Records to process Block Start

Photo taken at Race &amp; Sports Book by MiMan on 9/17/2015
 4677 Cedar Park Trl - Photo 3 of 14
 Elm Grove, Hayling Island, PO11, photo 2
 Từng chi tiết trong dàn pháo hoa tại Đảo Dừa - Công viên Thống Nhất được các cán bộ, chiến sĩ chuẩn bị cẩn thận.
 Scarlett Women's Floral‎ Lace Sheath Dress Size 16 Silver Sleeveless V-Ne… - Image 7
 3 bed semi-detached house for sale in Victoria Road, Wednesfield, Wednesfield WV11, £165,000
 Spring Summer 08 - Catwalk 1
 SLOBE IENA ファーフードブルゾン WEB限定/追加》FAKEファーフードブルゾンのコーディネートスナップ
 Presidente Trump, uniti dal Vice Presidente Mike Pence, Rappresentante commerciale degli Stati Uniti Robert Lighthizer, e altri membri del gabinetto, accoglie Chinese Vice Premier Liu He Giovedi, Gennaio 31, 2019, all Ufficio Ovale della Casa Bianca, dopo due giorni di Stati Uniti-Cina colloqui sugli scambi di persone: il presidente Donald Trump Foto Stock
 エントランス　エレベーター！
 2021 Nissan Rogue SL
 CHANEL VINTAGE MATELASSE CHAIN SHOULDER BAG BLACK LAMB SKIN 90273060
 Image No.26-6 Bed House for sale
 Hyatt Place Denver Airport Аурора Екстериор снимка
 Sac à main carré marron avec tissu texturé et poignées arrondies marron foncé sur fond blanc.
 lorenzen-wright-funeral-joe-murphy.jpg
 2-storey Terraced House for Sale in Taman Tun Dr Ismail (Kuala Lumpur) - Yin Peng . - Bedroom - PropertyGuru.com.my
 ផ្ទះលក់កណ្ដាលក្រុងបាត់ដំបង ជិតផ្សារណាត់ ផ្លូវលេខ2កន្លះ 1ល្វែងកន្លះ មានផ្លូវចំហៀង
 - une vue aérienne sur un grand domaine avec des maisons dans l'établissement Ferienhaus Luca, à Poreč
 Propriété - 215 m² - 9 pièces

Records to process Block End

▸ What this task involves
When you reach the line holding "3 bed semi-detached" in the records above, begin reproducing exactly, stop after the line holding "lorenzen-wright-funeral-joe-murphy.jpg", and output nothing else.

▸ Your response
 3 bed semi-detached house for sale in Victoria Road, Wednesfield, Wednesfield WV11, £165,000
 Spring Summer 08 - Catwalk 1
 SLOBE IENA ファーフードブルゾン WEB限定/追加》FAKEファーフードブルゾンのコーディネートスナップ
 Presidente Trump, uniti dal Vice Presidente Mike Pence, Rappresentante commerciale degli Stati Uniti Robert Lighthizer, e altri membri del gabinetto, accoglie Chinese Vice Premier Liu He Giovedi, Gennaio 31, 2019, all Ufficio Ovale della Casa Bianca, dopo due giorni di Stati Uniti-Cina colloqui sugli scambi di persone: il presidente Donald Trump Foto Stock
 エントランス　エレベーター！
 2021 Nissan Rogue SL
 CHANEL VINTAGE MATELASSE CHAIN SHOULDER BAG BLACK LAMB SKIN 90273060
 Image No.26-6 Bed House for sale
 Hyatt Place Denver Airport Аурора Екстериор снимка
 Sac à main carré marron avec tissu texturé et poignées arrondies marron foncé sur fond blanc.
 lorenzen-wright-funeral-joe-murphy.jpg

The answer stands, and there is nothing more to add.